Bats find their way around at night by emitting noise and listening to the way it bounces back to them. But since bats often congregate in large groups, how do they keep from losing their own signal in the din? A new study found that they do this much in the same way children do: by trying to screech the loudest.
Researchers at Tel-Aviv University wondered how echolocation could possibly be effective, given the fact that bats share the night with lots of other bats, who are presumably are also making ultrasonic noises. They performed a quick experiment and published their findings in the Proceedings of the Royal Society B.

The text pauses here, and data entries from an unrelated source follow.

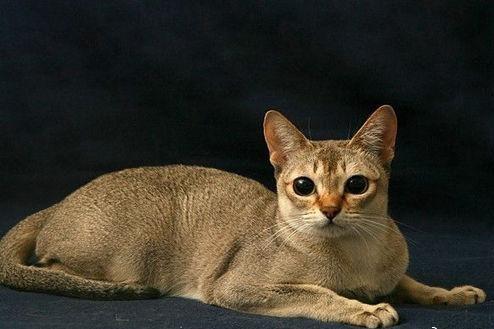 v2-4248f66ab8991092beb0b847d53eac35_1440w.jpg?source=172ae18b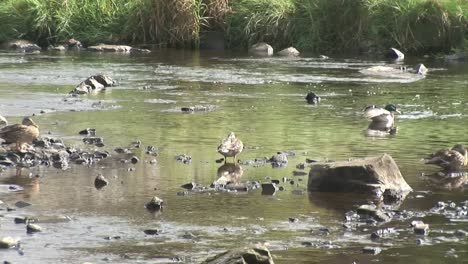 Patos-En-Un-Rio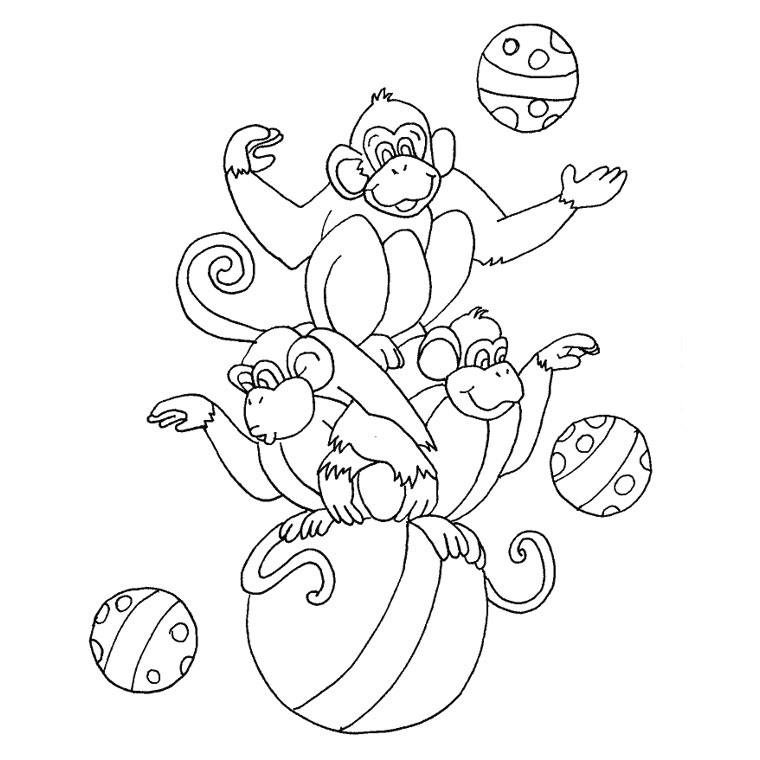 Coloriage Singe Cirque - Animaux à imprimer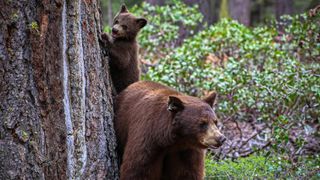 atac urs, ursi romania, slanic moldova 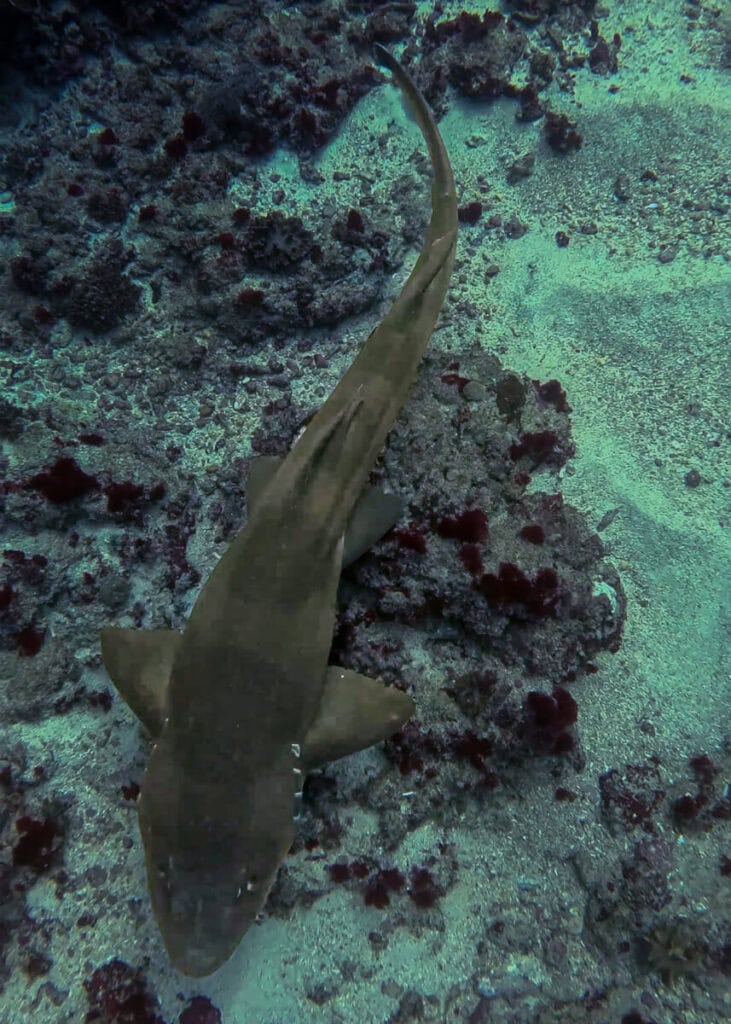 Brownbanded bamboo shark resting on the ocean floor in Manta Bay Nusa Penida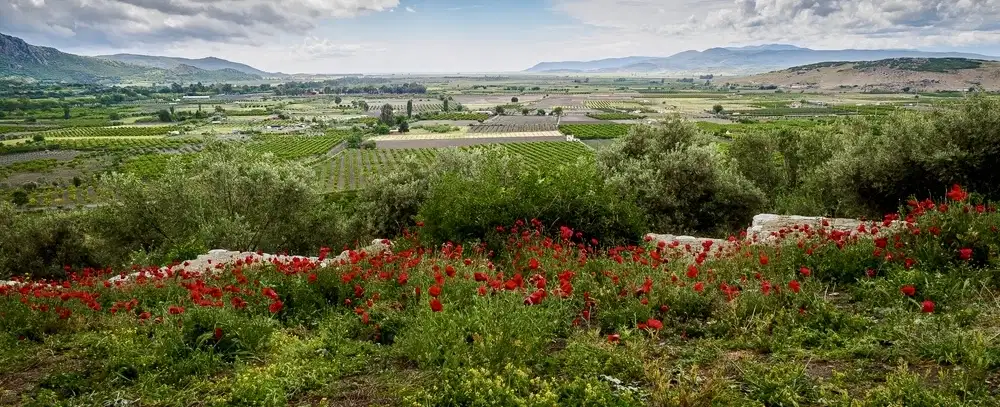 The Vineyards of Sunlit Izmir
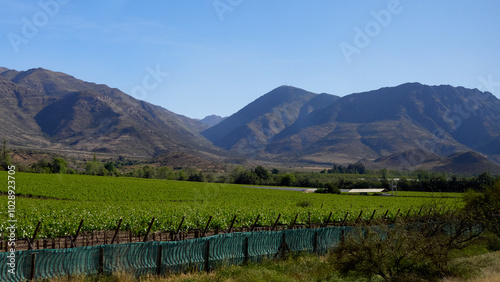 vineyard in the mountains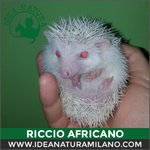 Cuccioli di Riccio Africano - Foto n. 2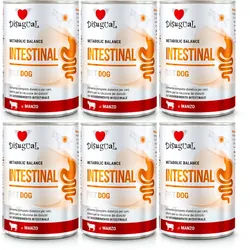 Disugual Veterinary Nassfutter für Hunde INTESTINAL Rind (Erwachsene) 6x400g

Ethical and scientific considerations precluded them just shoving a bunch of bats in a room and seeing how things went. Apart from the chance of a bat getting injured, they had to make sure that the only stimulus that any one bat had to contend with was the sound of another bat. They trained bats of the species Pipistrellus kuhlii—a common insectovorous species— to land on a special feeding pedestal. Then they hit them with bat calls from 12 speakers throughout the room.
Bats didn’t have any problem with their sense of echolocation getting “jammed.” Bats wouldn’t have made it this far if they couldn’t be in proximity to other bats. (Mating, especially, would have been a nightmare.) What was interesting was how the bats responded.
Faced with too much noise, the bats made their calls louder. Researchers had thought that they might vary their call’s frequency—screeching higher when they heard low-frequency calls and lower when they heard high-frequency calls. Actually, the bats made higher frequency calls no matter what.
The scientists believe that “the bats’ response aimed to increase the signal-to-noise ratio and not to avoid spectral overlap.” When they hear loud, high screeching, they’re not going to try to change their tone. They’re going to be the loudest, highest screecher of all.